◆ Task material ◆
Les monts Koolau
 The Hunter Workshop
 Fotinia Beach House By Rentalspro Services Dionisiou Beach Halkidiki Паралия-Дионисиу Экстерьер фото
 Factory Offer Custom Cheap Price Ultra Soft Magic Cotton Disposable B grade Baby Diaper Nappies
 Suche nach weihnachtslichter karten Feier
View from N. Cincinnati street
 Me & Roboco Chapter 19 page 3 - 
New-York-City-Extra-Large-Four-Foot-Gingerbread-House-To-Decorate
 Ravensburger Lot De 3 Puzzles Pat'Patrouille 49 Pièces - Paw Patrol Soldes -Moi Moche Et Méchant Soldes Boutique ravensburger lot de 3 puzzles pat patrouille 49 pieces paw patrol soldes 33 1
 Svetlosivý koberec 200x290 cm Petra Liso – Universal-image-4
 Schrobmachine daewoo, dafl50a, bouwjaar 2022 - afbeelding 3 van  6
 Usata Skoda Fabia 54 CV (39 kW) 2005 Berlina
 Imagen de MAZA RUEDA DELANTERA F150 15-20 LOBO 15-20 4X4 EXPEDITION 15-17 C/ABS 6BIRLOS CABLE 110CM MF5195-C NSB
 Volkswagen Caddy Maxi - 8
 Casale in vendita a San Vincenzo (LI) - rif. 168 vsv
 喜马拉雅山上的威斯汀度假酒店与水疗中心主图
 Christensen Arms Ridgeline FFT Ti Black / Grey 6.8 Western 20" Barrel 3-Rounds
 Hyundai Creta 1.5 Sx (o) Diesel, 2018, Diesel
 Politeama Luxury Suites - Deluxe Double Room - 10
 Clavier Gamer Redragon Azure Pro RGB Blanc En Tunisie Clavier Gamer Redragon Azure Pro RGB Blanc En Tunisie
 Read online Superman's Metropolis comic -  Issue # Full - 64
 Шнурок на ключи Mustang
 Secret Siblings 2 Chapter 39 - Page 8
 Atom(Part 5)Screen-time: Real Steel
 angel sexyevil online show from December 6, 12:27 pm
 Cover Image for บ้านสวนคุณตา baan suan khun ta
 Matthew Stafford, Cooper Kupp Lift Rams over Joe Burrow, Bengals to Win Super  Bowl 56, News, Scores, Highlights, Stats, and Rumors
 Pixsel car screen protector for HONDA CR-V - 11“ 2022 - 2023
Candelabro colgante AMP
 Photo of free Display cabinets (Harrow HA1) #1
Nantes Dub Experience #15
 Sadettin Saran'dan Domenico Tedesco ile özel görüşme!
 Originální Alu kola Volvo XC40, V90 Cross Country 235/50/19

◆ Your task ◆
Could you set down, word for word, only the lines above from the line with "Hyundai Creta 1.5" to the line with "Sadettin Saran'dan Domenico", including both?

◆ Solution to this problem ◆
 Hyundai Creta 1.5 Sx (o) Diesel, 2018, Diesel
 Politeama Luxury Suites - Deluxe Double Room - 10
 Clavier Gamer Redragon Azure Pro RGB Blanc En Tunisie Clavier Gamer Redragon Azure Pro RGB Blanc En Tunisie
 Read online Superman's Metropolis comic -  Issue # Full - 64
 Шнурок на ключи Mustang
 Secret Siblings 2 Chapter 39 - Page 8
 Atom(Part 5)Screen-time: Real Steel
 angel sexyevil online show from December 6, 12:27 pm
 Cover Image for บ้านสวนคุณตา baan suan khun ta
 Matthew Stafford, Cooper Kupp Lift Rams over Joe Burrow, Bengals to Win Super  Bowl 56, News, Scores, Highlights, Stats, and Rumors
 Pixsel car screen protector for HONDA CR-V - 11“ 2022 - 2023
Candelabro colgante AMP
 Photo of free Display cabinets (Harrow HA1) #1
Nantes Dub Experience #15
 Sadettin Saran'dan Domenico Tedesco ile özel görüşme!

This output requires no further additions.